One of the questions many people have wondered about for a long time is, 'Is it possible to create a model without using a pre-trained model?' Recently, I haven't been able to focus much on this due to numerous modifications that needed to be made, but I can finally provide an answer.
As the name suggests, NPIM stands for Non-Pretrained Independent Model. This means that this model is created purely from the voice data of the model itself, without the use of any pre-trained models.
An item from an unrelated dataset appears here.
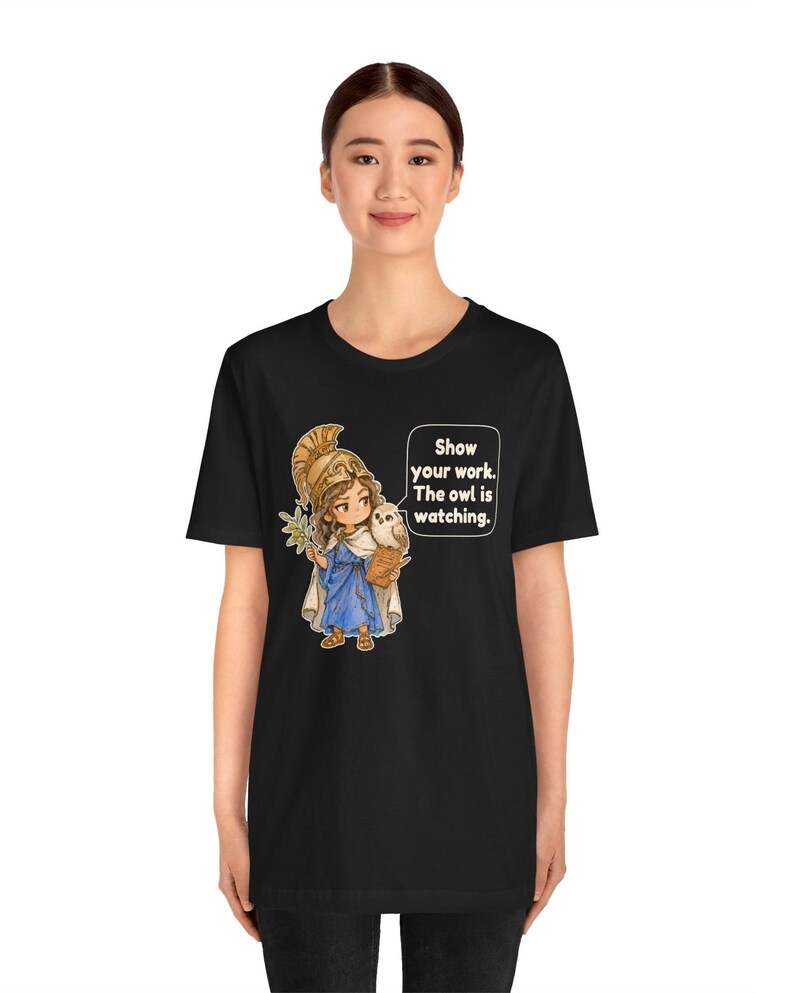 Puede incluir: Una camiseta negra de manga corta con un gr&aacute;fico de un personaje con casco dorado y t&uacute;nica azul, sosteniendo una rama de olivo y un peque&ntilde;o b&uacute;ho. Un bocadillo de texto contiene las palabras: Show your work. The owl is watching.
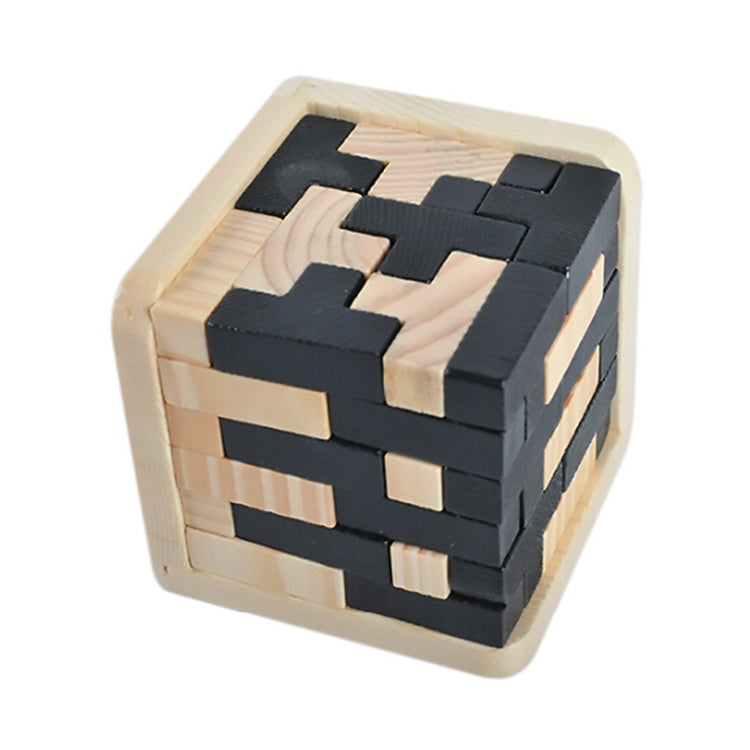 Wooden interlocking puzzle cube with black and light wood block pieces, assembled view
While it may not be efficient in many ways, it is possible if you have sufficient data. However, it requires a tremendous amount of time and data. Due to its inefficiency, using a pre-trained model is probably better for your mental well-being. Additionally, in most cases, lowering the index value allows the model to refer to data from the pre-trained model, enabling it to infer even when the model's own data is lacking. However, since this model is trained solely on its own dataset, in some cases, a higher index value may be required to reduce artifacts.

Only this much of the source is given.